## [Exercise description]
Without copying any picture, transcribe exactly the lines of the data below from the one containing "GW2 PvP Guide" through the one containing "Nauzene Nausea Relief".

## [Material for this exercise]
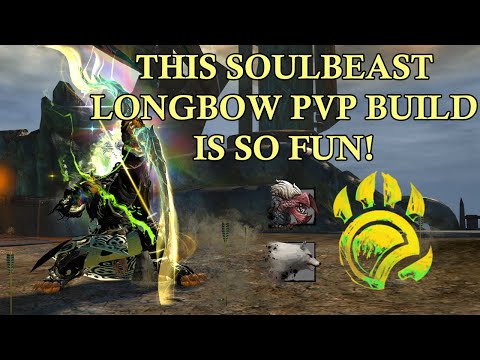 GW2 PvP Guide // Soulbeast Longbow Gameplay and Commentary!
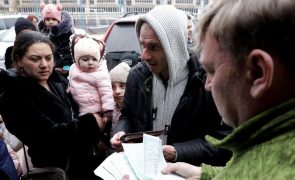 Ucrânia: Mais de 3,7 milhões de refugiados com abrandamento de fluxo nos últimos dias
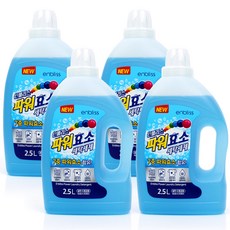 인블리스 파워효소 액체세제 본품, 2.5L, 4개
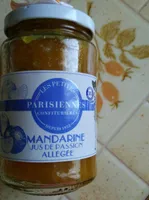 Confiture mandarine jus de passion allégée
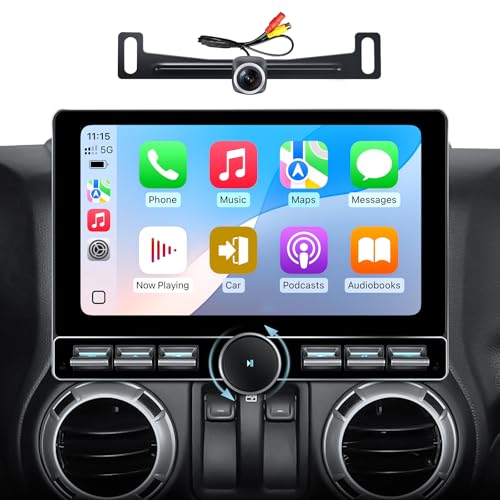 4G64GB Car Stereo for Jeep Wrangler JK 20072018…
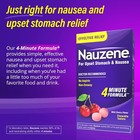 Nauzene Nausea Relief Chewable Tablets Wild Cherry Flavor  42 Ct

--

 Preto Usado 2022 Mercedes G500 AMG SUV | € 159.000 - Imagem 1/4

## [Completed exercise]
 GW2 PvP Guide // Soulbeast Longbow Gameplay and Commentary!
 Ucrânia: Mais de 3,7 milhões de refugiados com abrandamento de fluxo nos últimos dias
 인블리스 파워효소 액체세제 본품, 2.5L, 4개
 Confiture mandarine jus de passion allégée
 4G64GB Car Stereo for Jeep Wrangler JK 20072018…
 Nauzene Nausea Relief Chewable Tablets Wild Cherry Flavor  42 Ct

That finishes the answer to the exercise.